Footage from Richmond’s changeroom after last round’s win over Brisbane allegedly show Nick Vlastuin and Jayden Short appearing to grope teammate Mabior Chol.

The pair have apologised after the vision allegedly showed Vlaustin putting his finger up the anus of Chol on the outside of his shorts. It was alleged the footage also showed Vlaustin grabbing the genitals of Chol three times.

The scandal widened on Friday night with new footage showing two more alleged incidents featuring Tigers captain Jack Riewoldt and St Kilda star Dan Butler.

The AFL was furious with the behaviour, releasing a statement on Saturday condemning the players’ “inappropriate, unacceptable and juvenile” actions.

But Geelong legend Newman doesn’t see the problem.

“Grabbing someone on the crotch in the rooms after a victory, is hardly being ‘groped’,” Newman wrote on Twitter. “Just means the lads in question get on extremely well with one another — or they wouldn’t have done it. Stop with the cow-eyes.”

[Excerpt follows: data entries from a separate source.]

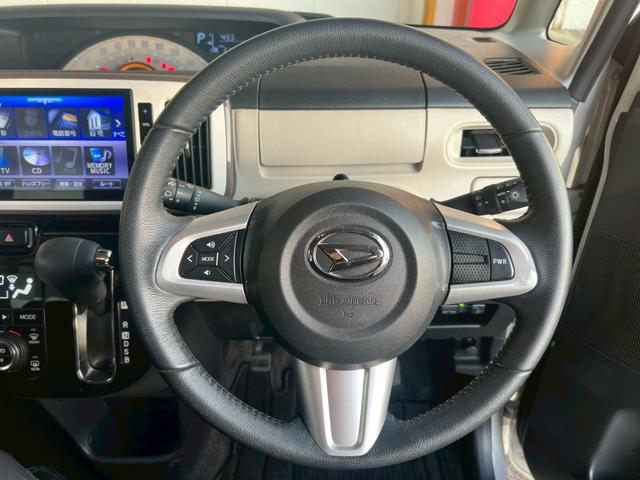 新車／中古車販売／高価買取／各種保険／オートローン／整備／鈑金〜車の”終わり”を次の誰かの”始まり”へ〜車に関わる全てのシーンをサポートします！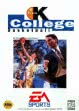 logo Emulators Coach K College Basketball [USA]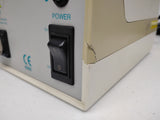 Magstim Booster Module Plus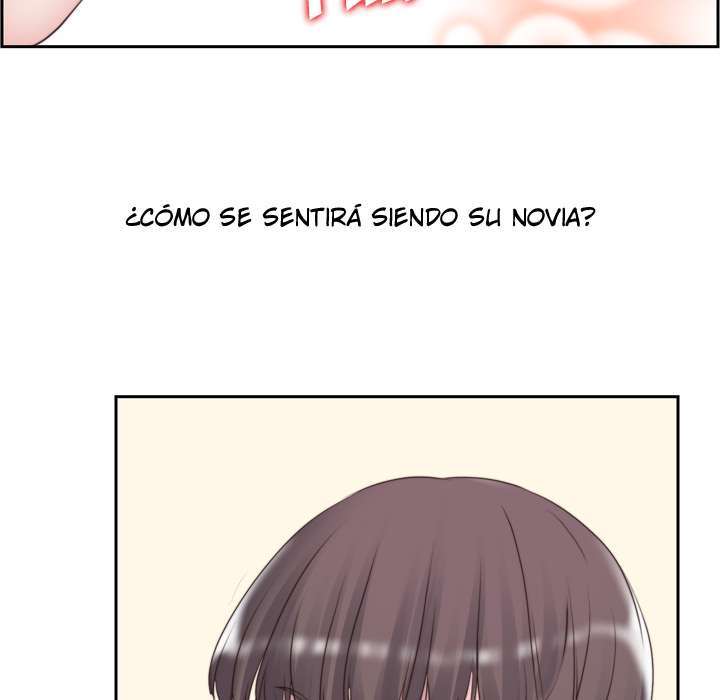 Todo Por Ti Capitulo 2 página 70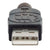 Hi-Speed USB 2.0 Repeater Kabel Image 5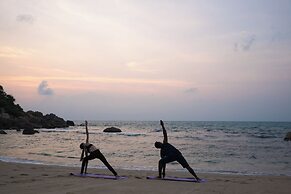 Silavadee Pool Spa Resort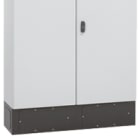 LEGRAND - LEG036300 ATLANTIC ZOCCOLO 200X600X300
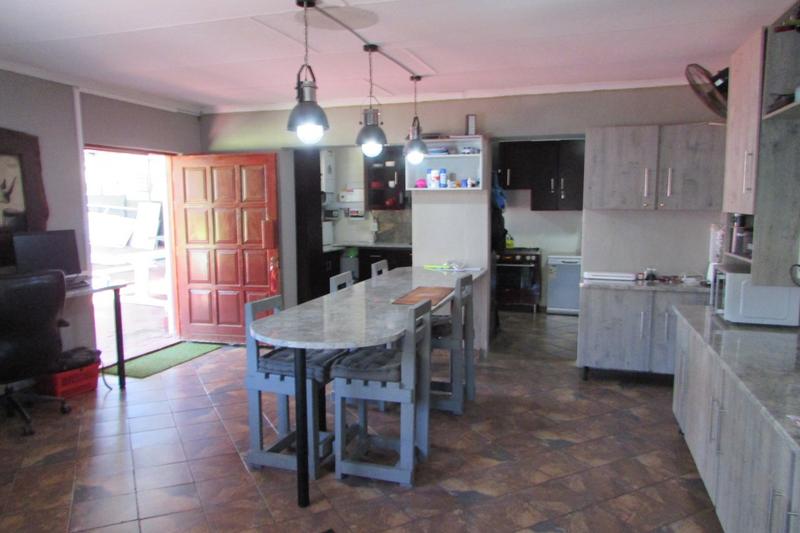 3 Bedroom Property for Sale in White River Mpumalanga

Replying to other tweets, Newman added: “Don’t think anyone was offended here.

“The players involved were obviously relaxed about the stupidity. RFC are just window dressing.

“Don’t think anyone was ‘harassed’, except by the fawning media.”

When a social media user suggested Chol was “protecting his manhood” while singing the team song, Newman replied: “Mr Chol was obviously wary of the playful antics he was about to receive. Does it warrant such vacuous comment. Give me a break.”

Chol said he has “no issue whatsoever with those players, or any of my teammates” but understands “that is not the sort of example we should be setting”.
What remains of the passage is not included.